**Available data:**
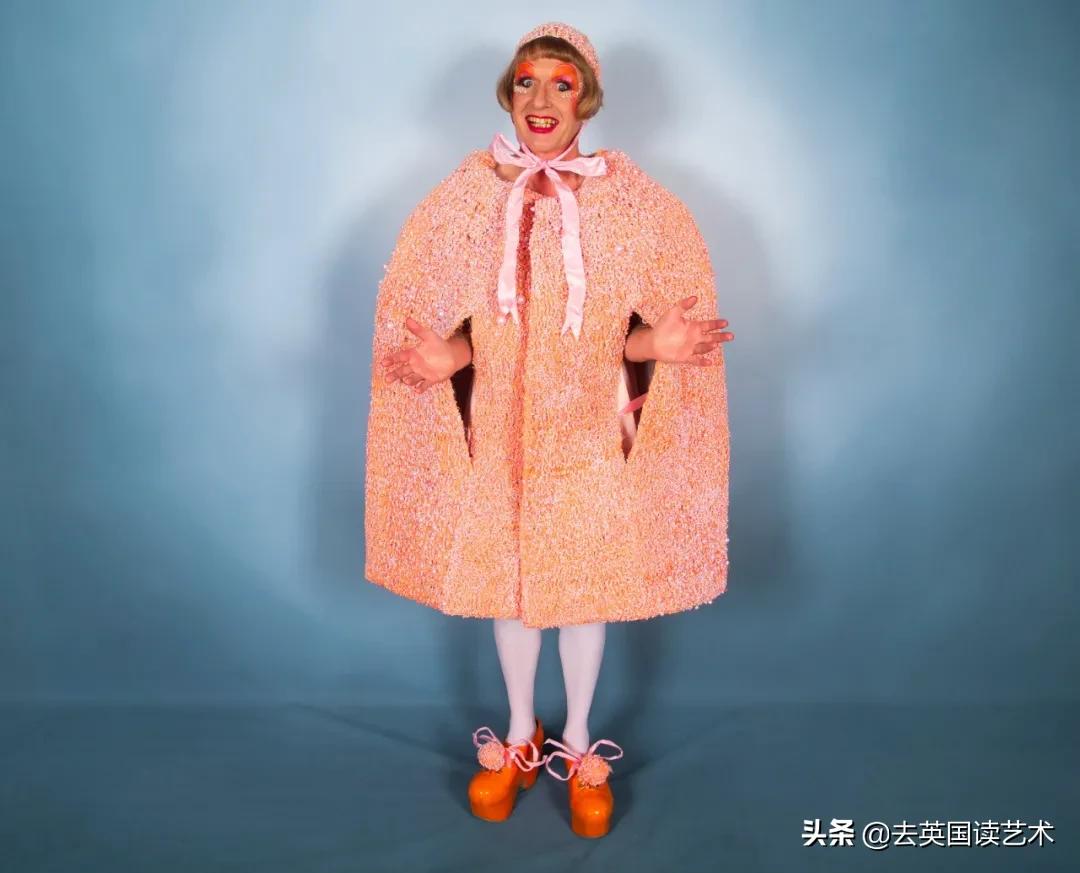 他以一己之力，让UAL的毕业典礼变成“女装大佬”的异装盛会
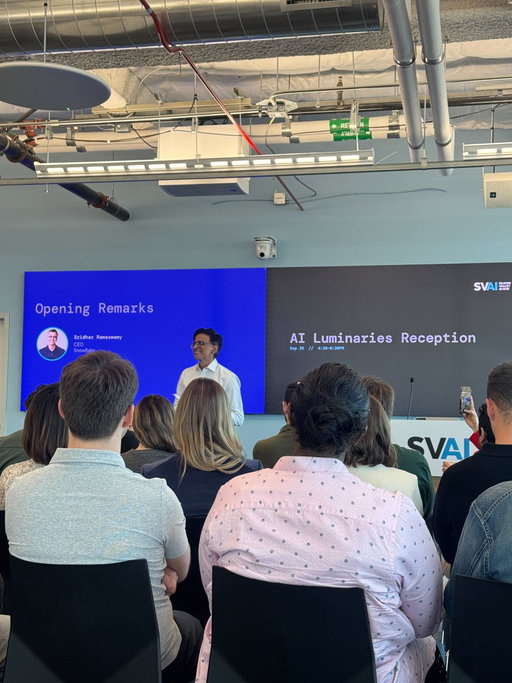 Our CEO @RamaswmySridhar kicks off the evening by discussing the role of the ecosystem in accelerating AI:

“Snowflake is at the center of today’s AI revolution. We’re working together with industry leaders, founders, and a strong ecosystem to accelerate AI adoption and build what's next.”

**Task directions:** Transcribe all of the data above verbatim but omit every picture.

**Task output:**
 他以一己之力，让UAL的毕业典礼变成“女装大佬”的异装盛会
 Our CEO @RamaswmySridhar kicks off the evening by discussing the role of the ecosystem in accelerating AI:

“Snowflake is at the center of today’s AI revolution. We’re working together with industry leaders, founders, and a strong ecosystem to accelerate AI adoption and build what's next.”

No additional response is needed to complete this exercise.